What Good Is A Penguin Random House Merger?

Penguin and Random House are merging. This is big news because Random House and Penguin are two of the biggest of the “Big Six” publishing firms that currently rule the book business (the other four are Simon and Schuster, HarperCollins, Macmillan and Hachette). It’s also big news for devoted readers, because these are two of the most beloved historic brands in modern literature. Random House once published Ulysses by James Joyce, and its Alfred A. Knopf imprint is often considered the single most prestigious name in literary fiction. Penguin helped generations of readers enjoy great books of the past with its beautiful Penguin Classics line, and its Viking subsidiary once published On The Road by Jack Kerouac.

What good will a Penguin/Random House merger do? In my opinion: absolutely none. A book publisher merger, like a bank merger or a food company merger, is never designed to improve the products the companies sell. It’s usually an act of economic opportunism or arbitrage, a shuffling of objects to temporarily hype up their combined value. In this case, it appears that Penguin’s parent company Pearson wanted to get out of trade publishing to focus on other businesses, and Random House picked up the orphan before HarperCollins could grab it.

It does not appear that literary editors at any of these companies were consulted about the business decision, and the best possible hope appears to be that the changes won’t have a big impact on the editorial activity at either firm. The merging firms are trying to spin the announcement as good news, but we have little reason to applaud.

What does it ever mean for two companies with strong identities and mundane but stable business models (yes, book publishing is more stable than most people realize, and book publishers do make profits ever year) to seek a merger? It seems to indicate a desire to escape from their basic financial realities. It’s an act of existential denial, dressed up as innovation. We don’t know yet the particulars of the arrangement, but so far it doesn’t sound like the kind of move honest capitalists would make.

4 Responses

  1. This is interesting and my
    This is interesting and my gut reaction is like yours, what good is it really?

    Here are some quotes from a WSJ article. Pearson is still keeping 47%. The Pearson CEO makes the case that this will be better for us consumers (true or not? I am not commenting — I have no idea).

    The following are from Wall Street Journal October 29, 2012, 12:55 p.m.
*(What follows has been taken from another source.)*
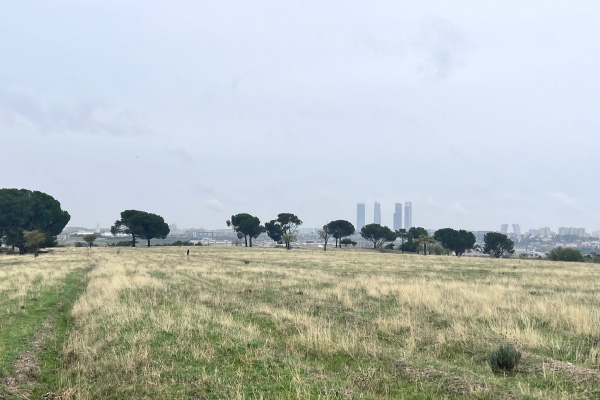 FCC Construcción participates in a visit to the Bosque Metropolitano project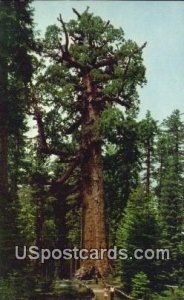 General Grant Tree - California Redwoods s, California CA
ET: Penguin, Random House Ink Deal by Jessica Hodgson.



    The combination of Penguin and Random House, if it clears antitrust scrutiny, would create a book-publishing powerhouse responsible for roughly a quarter of global English-language consumer book sales.


    “Together, the two publishers will be able to share a large part of their costs, to invest more for their author and reader constituencies and to be more adventurous in trying new models in this exciting, fast-moving world of digital books and digital readers,” said Marjorie Scardino, Pearson’s chief executive.


    Under the plan announced Monday, Bertelsmann, which is based in Germany, will take a 53% stake in the new joint-venture company and Pearson will hold 47%. Bertelsmann and Pearson didn’t disclose the value of the joint venture, but a person familiar with the matter indicated that the equity valuation would be somewhere between $2 billion and $3 billion.


  2. If publishing is considered a
    If publishing is considered a sunset industry, the merger would create economies of scale.
    Whether this is of any help to writers is my only concern. The paranoid streak in me thinks of censorship. The other streak says, so what? Isn’t the natural trend of capitalism a monopoly?

  3. Hi W. J. — well, there is a
    Hi W. J. — well, there is a common misconception that book publishing is a sunset industry, but all evidence suggests that it isn’t. Every major book publisher still turns a profit every year. The combined annual sales of worldwide book publishing remains more than $30 billion, and the industry seems to be adjusting to e-book technology without losing its ability to create profitable bestsellers.

    The need to compete with Amazon may be a better explanation for this than the sunset of book publishing. And let’s not forget the major driver behind most corporate mergers in any industry — short-term greed and opportunism.

  4. Hi Levi –
    Hi Levi –

    Regarding idea that publishing is a sunset industry… I was speaking to a man I met who has been in the publishing industry longer than I’ve been alive and he made an interesting comment to me. He said that the publishing industry has been like an egg balanced on the head of a pin as long as he can remember. At least, that’s what publishers have been saying for as long as he can remember.